What does a French chef eat on his day off? You'd be surprised. It is often a childhood favorite - roast chicken or a simple omelet. These are comfort foods mother or grandmother used to make. They remain the source of a love of food and cooking that began at home.
"Mother Sauces" is the term Auguste Escoffier chose to define the fundimentals of French cuisine a century ago. First among them is a milk-based sauce that begins with the letter "B", Sauce Bechamel, whose principle ingredients are butter, flour and milk. A bechamel is quickly made: cook equal parts flour and butter to create a roux, add milk, and heat to a simmer. Heated milk can be stirred quickly into the roux; cold milk is added slowly to avoid lumps from forming.
It's ironic that a sauce of such humble components should bear the name of a seventeenth century nobleman, the marquis de Bechamel. He was a rich financier whom Louis XIV named to the honorary position of chief steward.
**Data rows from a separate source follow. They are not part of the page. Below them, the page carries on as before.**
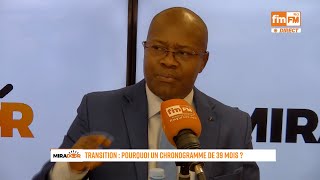 Extrait du Passage d'Ousmane Gaoual Diallo, Ministre Porte-parole du Gouvernement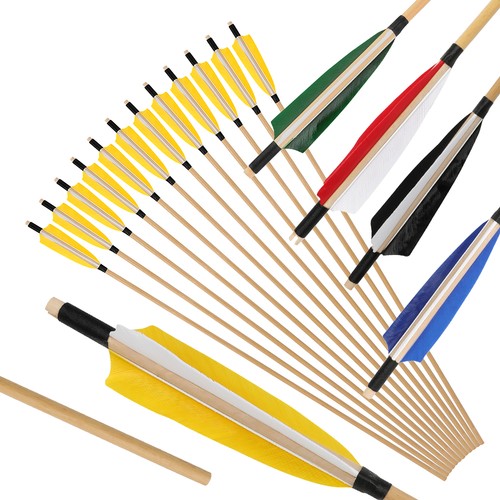 Archery wooden arrows - archery,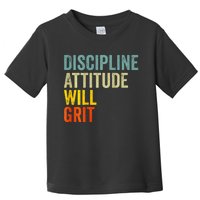 D.A.W.G Discipline Attitude Will Grit Toddler T-Shirt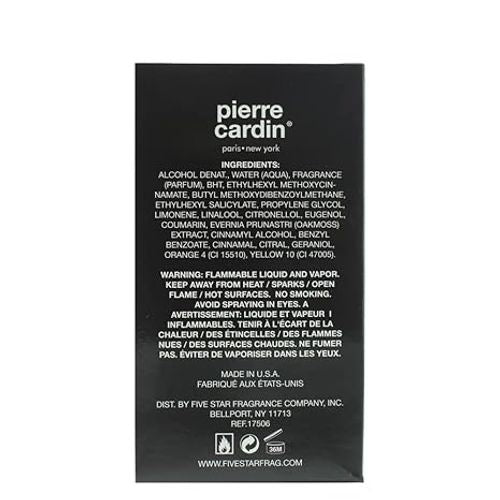 Pierre Cardin Eau de Cologne Spray 80ml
We would call him the king's chief event planner. What inspired the king to name a white sauce after Bechamel? You had to be there. One thing is certain, the sauce was in use well before it received its titled name.

Orange Cauliflower Soup 1
There are several ways to incorporate a light, soothing Sauce Bechamel into your daily cooking routine. During cold weather I use it as a soup base, add cauliflower and bake it in the oven. I make a winter gratin of ratatouille by spreading on a light blanket of Bechamel. Here's another idea. Ask a child to help you fold macaroni and cheese into a Sauce Bechamel, scatter on browned bread crumbs and bake. This household staple, prepared from scratch, sends a message to the next generation cooks, and might even inspire a future chef!